**DESCRIPTION OF THE TASK:** Can you reproduce the data beneath, keeping every line exact?

**DATA EXTRACT:**
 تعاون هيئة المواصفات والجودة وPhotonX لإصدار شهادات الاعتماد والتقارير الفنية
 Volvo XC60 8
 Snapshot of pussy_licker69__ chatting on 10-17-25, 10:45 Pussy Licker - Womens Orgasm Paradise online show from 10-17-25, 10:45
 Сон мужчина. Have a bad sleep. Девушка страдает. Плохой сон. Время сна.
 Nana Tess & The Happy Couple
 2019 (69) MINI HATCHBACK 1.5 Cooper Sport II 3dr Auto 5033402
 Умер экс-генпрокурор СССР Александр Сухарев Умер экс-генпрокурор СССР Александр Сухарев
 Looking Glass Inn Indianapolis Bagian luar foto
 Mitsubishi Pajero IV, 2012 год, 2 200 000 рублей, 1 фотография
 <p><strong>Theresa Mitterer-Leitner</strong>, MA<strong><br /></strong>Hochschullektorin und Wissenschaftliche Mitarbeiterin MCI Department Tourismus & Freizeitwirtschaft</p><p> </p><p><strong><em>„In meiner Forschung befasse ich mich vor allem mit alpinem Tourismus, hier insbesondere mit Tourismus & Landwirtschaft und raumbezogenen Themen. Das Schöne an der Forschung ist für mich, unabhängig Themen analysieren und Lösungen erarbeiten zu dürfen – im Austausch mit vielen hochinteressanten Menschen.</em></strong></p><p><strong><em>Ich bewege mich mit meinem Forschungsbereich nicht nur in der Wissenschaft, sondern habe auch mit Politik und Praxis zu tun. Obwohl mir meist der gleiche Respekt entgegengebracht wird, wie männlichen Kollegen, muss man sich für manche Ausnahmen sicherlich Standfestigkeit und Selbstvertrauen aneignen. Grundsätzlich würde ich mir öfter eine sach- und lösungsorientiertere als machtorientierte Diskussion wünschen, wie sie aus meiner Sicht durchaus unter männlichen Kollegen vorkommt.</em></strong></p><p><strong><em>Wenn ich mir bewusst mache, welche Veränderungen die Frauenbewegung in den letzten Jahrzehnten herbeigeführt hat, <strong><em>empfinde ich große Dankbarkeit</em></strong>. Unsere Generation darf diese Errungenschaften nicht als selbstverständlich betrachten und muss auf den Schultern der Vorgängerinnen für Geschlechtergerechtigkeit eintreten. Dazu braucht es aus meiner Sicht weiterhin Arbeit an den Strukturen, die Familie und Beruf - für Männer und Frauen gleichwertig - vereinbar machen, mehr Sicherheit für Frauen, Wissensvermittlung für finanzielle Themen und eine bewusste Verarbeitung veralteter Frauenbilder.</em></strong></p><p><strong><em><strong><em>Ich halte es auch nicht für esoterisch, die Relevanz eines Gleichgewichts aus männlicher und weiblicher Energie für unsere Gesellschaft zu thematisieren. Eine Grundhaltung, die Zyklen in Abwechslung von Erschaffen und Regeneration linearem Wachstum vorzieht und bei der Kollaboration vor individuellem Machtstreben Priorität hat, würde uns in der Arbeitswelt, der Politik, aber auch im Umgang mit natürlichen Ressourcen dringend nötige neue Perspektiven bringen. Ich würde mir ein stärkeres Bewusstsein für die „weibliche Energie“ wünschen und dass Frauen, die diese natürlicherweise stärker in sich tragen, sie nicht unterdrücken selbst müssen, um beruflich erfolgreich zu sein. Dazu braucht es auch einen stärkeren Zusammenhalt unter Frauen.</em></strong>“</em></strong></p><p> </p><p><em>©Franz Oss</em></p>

**ANSWER TO THE EXERCISE:**
 تعاون هيئة المواصفات والجودة وPhotonX لإصدار شهادات الاعتماد والتقارير الفنية
 Volvo XC60 8
 Snapshot of pussy_licker69__ chatting on 10-17-25, 10:45 Pussy Licker - Womens Orgasm Paradise online show from 10-17-25, 10:45
 Сон мужчина. Have a bad sleep. Девушка страдает. Плохой сон. Время сна.
 Nana Tess & The Happy Couple
 2019 (69) MINI HATCHBACK 1.5 Cooper Sport II 3dr Auto 5033402
 Умер экс-генпрокурор СССР Александр Сухарев Умер экс-генпрокурор СССР Александр Сухарев
 Looking Glass Inn Indianapolis Bagian luar foto
 Mitsubishi Pajero IV, 2012 год, 2 200 000 рублей, 1 фотография
 <p><strong>Theresa Mitterer-Leitner</strong>, MA<strong><br /></strong>Hochschullektorin und Wissenschaftliche Mitarbeiterin MCI Department Tourismus & Freizeitwirtschaft</p><p> </p><p><strong><em>„In meiner Forschung befasse ich mich vor allem mit alpinem Tourismus, hier insbesondere mit Tourismus & Landwirtschaft und raumbezogenen Themen. Das Schöne an der Forschung ist für mich, unabhängig Themen analysieren und Lösungen erarbeiten zu dürfen – im Austausch mit vielen hochinteressanten Menschen.</em></strong></p><p><strong><em>Ich bewege mich mit meinem Forschungsbereich nicht nur in der Wissenschaft, sondern habe auch mit Politik und Praxis zu tun. Obwohl mir meist der gleiche Respekt entgegengebracht wird, wie männlichen Kollegen, muss man sich für manche Ausnahmen sicherlich Standfestigkeit und Selbstvertrauen aneignen. Grundsätzlich würde ich mir öfter eine sach- und lösungsorientiertere als machtorientierte Diskussion wünschen, wie sie aus meiner Sicht durchaus unter männlichen Kollegen vorkommt.</em></strong></p><p><strong><em>Wenn ich mir bewusst mache, welche Veränderungen die Frauenbewegung in den letzten Jahrzehnten herbeigeführt hat, <strong><em>empfinde ich große Dankbarkeit</em></strong>. Unsere Generation darf diese Errungenschaften nicht als selbstverständlich betrachten und muss auf den Schultern der Vorgängerinnen für Geschlechtergerechtigkeit eintreten. Dazu braucht es aus meiner Sicht weiterhin Arbeit an den Strukturen, die Familie und Beruf - für Männer und Frauen gleichwertig - vereinbar machen, mehr Sicherheit für Frauen, Wissensvermittlung für finanzielle Themen und eine bewusste Verarbeitung veralteter Frauenbilder.</em></strong></p><p><strong><em><strong><em>Ich halte es auch nicht für esoterisch, die Relevanz eines Gleichgewichts aus männlicher und weiblicher Energie für unsere Gesellschaft zu thematisieren. Eine Grundhaltung, die Zyklen in Abwechslung von Erschaffen und Regeneration linearem Wachstum vorzieht und bei der Kollaboration vor individuellem Machtstreben Priorität hat, würde uns in der Arbeitswelt, der Politik, aber auch im Umgang mit natürlichen Ressourcen dringend nötige neue Perspektiven bringen. Ich würde mir ein stärkeres Bewusstsein für die „weibliche Energie“ wünschen und dass Frauen, die diese natürlicherweise stärker in sich tragen, sie nicht unterdrücken selbst müssen, um beruflich erfolgreich zu sein. Dazu braucht es auch einen stärkeren Zusammenhalt unter Frauen.</em></strong>“</em></strong></p><p> </p><p><em>©Franz Oss</em></p>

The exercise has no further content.